How do you forgive a husband who had an affair? It wasn’t a very long affair and he cut it off right after he told me about it. This happened some months ago, but I have not been able to forgive him. I need some tools to get back to normal. Please help.

A wise person once said that forgiveness is both a choice and a process. You have chosen to forgive your husband. Now, you must take up your pickax and break the boulders that betrayal erected around your heart, reducing their power until they are nothing but a memory. But before you give yourself to hard labor be sure of the reason: forgive because you want a resolution for the thoughts and feelings that now inhabit you; forgive because you would want to be forgiven; forgive because you told the truth when you said “for better or for worse.” Most of all, forgive because you want nothing standing between you and God. As the Koran says, “A kind speech and forgiveness is better than alms followed by injury.”

There are several toolboxes that can assist you in building the internal infrastructure necessary to contain forgiveness. Here’s one from The Art of Forgiveness by Lewis B. Smedes: 1. Rediscover the humanity of the person who hurt you. 2. Surrender the urge to get even. 3. Revise your feelings toward the person.

If that system doesn’t appeal to you, try the REACH method: 1. Recall the hurt. 2. Empathize with the person who hurt you. 3. Give an altruistic gift of forgiveness. 4. Commit yourself to forgiveness aloud or on paper. 5. Hold to forgiveness.
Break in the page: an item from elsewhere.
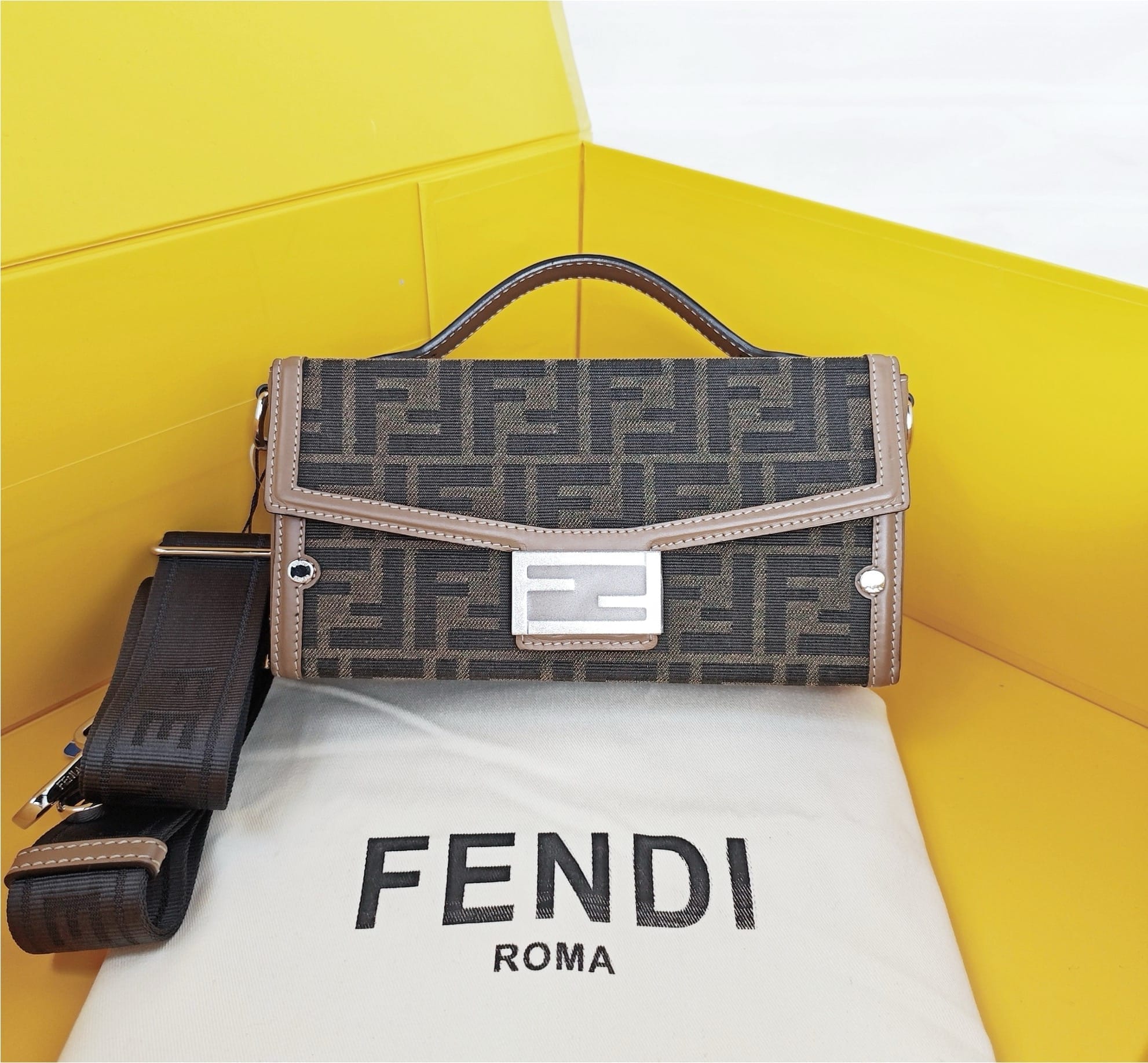 Fendi Brown FF Canvas Baguette Phone Pouch Bag C19489235080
One last thing: don’t count on your relationship going back to normal. Instead, go forward from here; wiser about what may have occurred in the marriage that supported your husband’s betrayal and about what caused his delay in telling you. And, although you did commit “for better or for worse,” there are three good reasons to end any relationship: adultery, abuse and addiction. A couple can experience any of these one time and repair their trust, but serial adultery (more than once) or chronic patterns of abuse or addiction are sane reasons to end a marriage.

I am so sensitive to people and their energy that I am overwhelmed in crowded places like restaurants and parks. Often, I don’t want to go out or I’m really selective about where to eat and hang out. Something about this seems natural, but it also seems overwhelming. Any ideas?

It’s normal to choose environments that support you in feeling good about being alive. And being aware that another level of reality exists beyond the five senses is so natural that physicists acknowledge it. So perhaps the feeling of being overwhelmed is simply a temporary phrase designed to ease you into the reality that we are all composed of moving molecules of energy. If you believe that you are picking up on other people’s feelings, check in with yourself to ensure that you aren’t simply projecting disowned feelings of your own. It’s easy to do, but it will restrain you from reaching that other level of reality, consciousness.

If you find your list of cool places reducing prohibitively, consult a professional therapist. Ultimately an emotionally and spiritually healthy person is comfortable everywhere, although they may have strong preferences, especially for quieter, more contemplative environments. After all, the world is your home and you should be comfortable anywhere in it.

Meditation of the Week

I’ve entered the pilgrimage known as Lent, 40 days to consciously release anything that keeps me from union with God. I’m surrendering a few beliefs that have outgrown their usefulness. What can you shed to be more attractive to the Divine?